For example, the third preset size is 100×100, the third preset step size is 38, the line segment detection diagram obtained in step 103 is cut into image blocks (third image blocks) of 100×100, the step size is 38, that is, information of an image block of 100×100 is calculated every 38 pixels. Specifically, the pixel mean value of the image block is counted, and the pixel value of the marked position (marked pixel point) of the Hough line segment is 255, and the unmarked area is 0, so that the larger the pixel mean value of the image block is, the more marked pixel points of the area are indicated, and the more detected line segments are appeared. For example, the preset pixel threshold value is 16, when the pixel mean value of the image block is greater than or equal to 16, the labeled pixel point in the image block is determined to be accurate, the original labeled pixel point in the image block with the pixel mean value greater than or equal to 16 is reserved, and the original labeled pixel points in the image block with the rest pixel mean values not reaching 16 are not reserved. After traversing all the image blocks, finishing updating the marked pixel points in the line segment detection graph, and determining all the marked pixel points in the line segment detection graph after updating the marked pixel points as water waves in the target image.
For example, as shown in fig. 1d, the gray scale of the target image obtained by processing in step 101 is shown as an image a in fig. 1d, where a region a in the image a is a water ripple region in the target image, the image detection method provided by the embodiment of the present application needs to perform Sobel operator directional filtering on the gray scale image a, then perform hough line segment detection, label the line segment detection image, finally cut the line segment detection image into a plurality of small image blocks with overlapping, count the pixel mean value of the image blocks, and determine that the region is a region to which the water ripple belongs when the mean value is greater than a preset pixel threshold, and the pixel point with a pixel value of 255 in the region is the water ripple. The image B in fig. 1d is a detection result image, and the region B shown in the image B is a region to which the water ripple belongs, and the line segment in the region B is the detected water ripple.
All the above technical solutions may be combined to form an optional embodiment of the present application, and will not be described in detail herein.
According to the embodiment of the application, the target image is obtained and converted into the gray level image; then, carrying out directional filtering on the gray level image to obtain a filtering image of the target image; then carrying out line segment detection on the filter map to obtain a line segment detection map of the target image; and then determining the water ripple in the target image according to the line segment detection diagram.

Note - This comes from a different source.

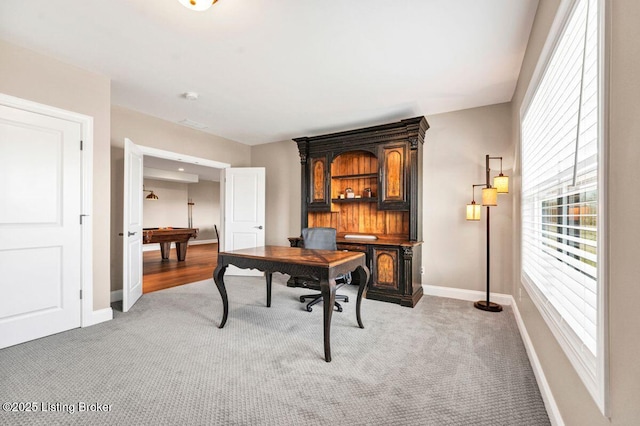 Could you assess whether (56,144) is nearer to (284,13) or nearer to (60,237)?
(60,237)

According to the embodiment of the application, the target image is converted into the gray level image, the gray level image is subjected to directional filtering, then the line segment detection is performed to obtain the line segment detection image, then the water ripple in the target image is determined according to the line segment detection image, the accuracy of water ripple detection is improved, and an effective reference is provided for the subsequent effect processing in the water surface area according to the detected position of the water ripple.

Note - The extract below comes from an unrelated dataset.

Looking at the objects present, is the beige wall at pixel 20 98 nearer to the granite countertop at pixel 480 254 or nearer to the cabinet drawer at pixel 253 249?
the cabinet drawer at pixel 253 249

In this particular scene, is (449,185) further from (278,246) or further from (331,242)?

Referring to fig. 2, fig. 2 is another flow chart of the image detection method according to the embodiment of the application. The specific flow of the method can be as follows:
step 201, a target image is acquired and converted into a gray scale image. The specific description of step 201 refers to step 101, and will not be described herein.
And 202, performing directional filtering on the gray scale image to obtain a filtered image of the target image. The specific description of step 202 refers to step 102, and will not be repeated here.

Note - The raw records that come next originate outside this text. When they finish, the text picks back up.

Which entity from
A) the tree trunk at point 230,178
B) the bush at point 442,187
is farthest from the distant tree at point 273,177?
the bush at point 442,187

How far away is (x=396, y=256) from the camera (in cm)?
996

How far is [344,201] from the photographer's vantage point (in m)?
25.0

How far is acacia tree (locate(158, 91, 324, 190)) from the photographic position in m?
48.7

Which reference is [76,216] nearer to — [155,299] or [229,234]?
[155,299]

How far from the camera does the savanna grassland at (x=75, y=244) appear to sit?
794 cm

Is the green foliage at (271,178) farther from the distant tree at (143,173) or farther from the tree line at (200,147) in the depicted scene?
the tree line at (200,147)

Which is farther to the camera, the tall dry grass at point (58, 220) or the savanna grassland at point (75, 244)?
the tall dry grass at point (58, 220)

And 203, performing line segment detection on the filter graph to obtain a line segment detection graph of the target image. The specific description of step 203 refers to step 103, and will not be repeated here.
And 204, determining the water ripple in the target image according to the line segment detection diagram. The specific description of step 204 refers to step 104, and will not be repeated here.
And 205, performing target effect processing on the area of the water ripple in the target image.
In some embodiments, the processing the target effect on the area of the water ripple in the target image includes:
detecting object events in the area of the water wave in the target image;
and carrying out target effect processing on the area where the water ripple in the target image belongs according to the detected object event.
In some embodiments, the processing the target effect on the area of the water ripple in the target image according to the detected object event includes:
If the object event is that the object falls into the water surface, generating a water ring ripple effect at the position of the object at the water ripple; or alternatively
If the object event is that the object floats on the water surface, generating a non-parallel moving ripple effect at the position of the object at the water ripple; or alternatively
And if the object event is that no object exists on the water surface, controlling the water wave in the target image to move in parallel.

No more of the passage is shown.